The Physics of Falling Fabric
When fabric hangs over a table edge or drapes on a mannequin, it forms flowing folds governed by the interplay between gravity and bending resistance. This seemingly simple behavior involves complex mechanics: the fabric bends, twists, and buckles simultaneously. Understanding drape quantitatively is essential for garment design, upholstery, and technical textile applications where controlled folding matters.

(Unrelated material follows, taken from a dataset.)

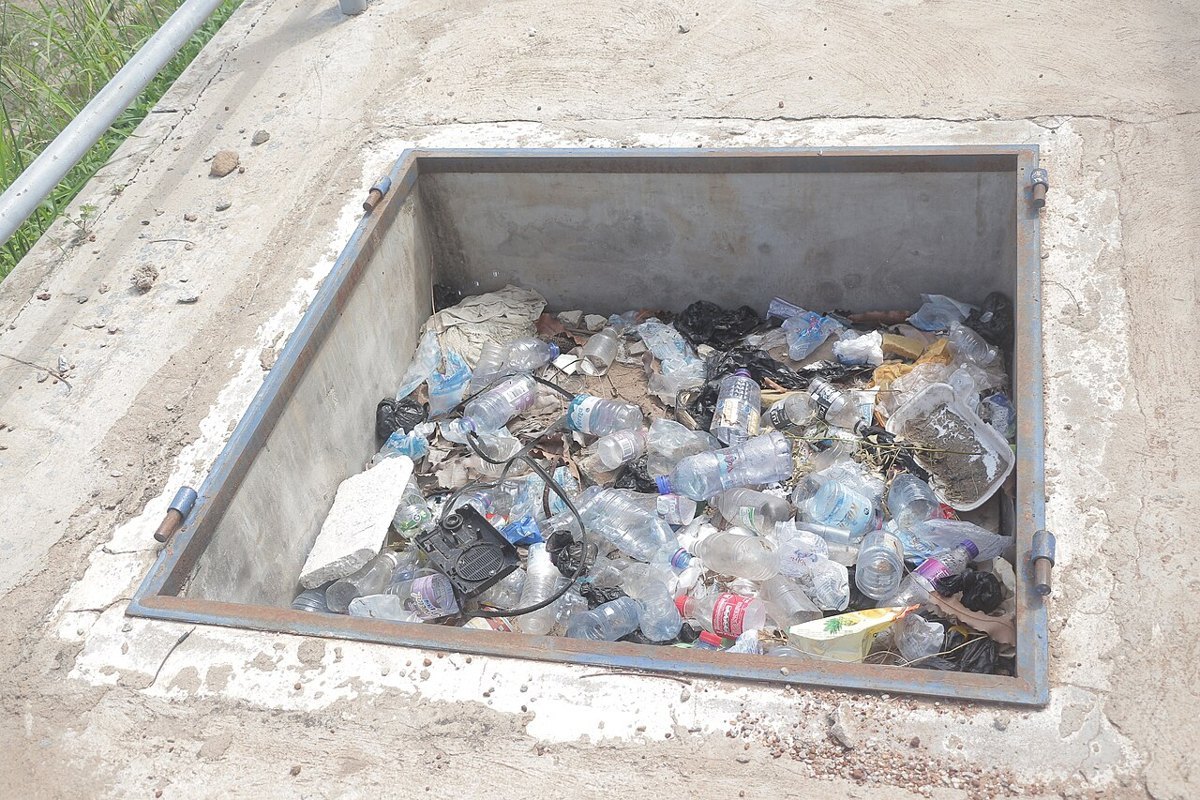 A gutter blocked with plastic waste and stagnant water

Bending Rigidity: The Key Parameter
Bending rigidity B determines how much force is needed to curve a fabric. It scales with the cube of fabric thickness and the elastic modulus of the yarn. Doubling thickness increases bending rigidity 8×, which is why thin silk chiffon flows like liquid while heavy canvas holds its shape. The Kawabata Evaluation System (KES) precisely measures B at very low curvatures relevant to drape.
The Drape Coefficient
The Cusick drapemeter test provides a single number characterizing drape. A circular fabric sample 30 cm in diameter rests on a 18 cm disk, and the shadow of the hanging overhang is captured. Stiff fabrics project shadows close to the full circle (DC near 100%). Fluid fabrics collapse dramatically, projecting shadows barely larger than the support disk (DC near 0%). This simulation calculates DC from first principles.
Folds and Fashion
The number, depth, and sharpness of drape folds determine a fabric's aesthetic character. Fashion designers intuitively select fabrics by drape: bias-cut silk for clinging evening gowns (very low DC), structured wool for tailored jackets (moderate DC), taffeta for voluminous ball gowns (moderate-high DC). This simulation bridges the gap between tactile intuition and engineering measurement.